One request does however, often lead to another. And still, the world does not end.

So how about this as a challenge? No stereotypes. No knee jerk reactions. No outright rejections.

Instead, open minds. Genuine dialogue about what could work. Giving it a go. Trust.

One request at a time.

If you tolerate this…

If you’ve read your Gladwell, you may well remember Broken Window theory. It goes a little something like this. If an empty building has a few broken windows and no one comes along to repair them, then you may well find that along come the vandals to break some more of the windows. And if still no one comes along to repair them, the damage will spiral quickly. More broken windows. Maybe a break in, maybe theft from what remains, maybe squatters will turn up and move in. The answer, according to the theory, is to fix problems when they are small. Before they escalate, become too big and unmanageable.

I’ve seen broken windows theory take place in reality.

One of my early HR roles included doing the people stuff at a tired, dark, miserable warehouse. The site was scheduled for future closure, and no one wanted to invest any time or money for its upkeep in the meantime.

And the more the building decayed, the more the building decayed.

Graffiti on the walls.
Badly lit corridors, with peeling paintwork.
Holes in the sagging, ancient carpet.
Dirty crockery piled in the kitchen sink, growing green.
Aged, yellowing posters on the noticeboard, telling tales of canteen menus long past.
Casual, deliberate damage.
A broken furniture graveyard.
Rubbish indifferently dumped, wherever, whatever.
Literally, broken windows, grimed with ancient dirt.

And because nobody cared, nobody cared.

A slow, determined, deterioration.

But broken window theory is not just a building thing, but a cultural thing. A people thing. It applies to organisations too.

How the leaders behave.
The way that people talk to each other.
The exercise of power.
What gets valued.
What gets done.
What gets rewarded, or punished.
The rules that are enforced, or ignored.
The language that is used.
The little organisational (bad) habits.

Windows of, to, within your culture.
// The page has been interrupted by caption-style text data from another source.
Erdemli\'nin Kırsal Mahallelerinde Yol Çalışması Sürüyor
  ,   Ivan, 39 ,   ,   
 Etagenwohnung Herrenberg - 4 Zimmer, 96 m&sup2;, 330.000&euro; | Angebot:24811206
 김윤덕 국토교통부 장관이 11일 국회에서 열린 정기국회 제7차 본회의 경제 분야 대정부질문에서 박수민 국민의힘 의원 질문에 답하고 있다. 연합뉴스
And sometimes, corporate vandalism occurs.

Tolerating, accepting, or failing to tackle even small problems in these spaces will lead to the rot setting in within your culture, as quickly as it will within the walls of your building. What is allowed, flourishes. Broken can become normal.

Back to the theory again, just for a moment. When you maintain a good environment, keep it clean, fix that which is broken, take good care of the place, physically and culturally, it sends a clear signal. This is our normal. Take your disorder, your window breaking rocks, some place else.

When small problems arise, with the way people lead, talk, behave, do, then we need to address them. Fix the broken window and fix it fast. Because if you don’t, before you know it the problem has escalated beyond your control.

Over at your place, are any of your windows broken?
And what are you doing to repair them?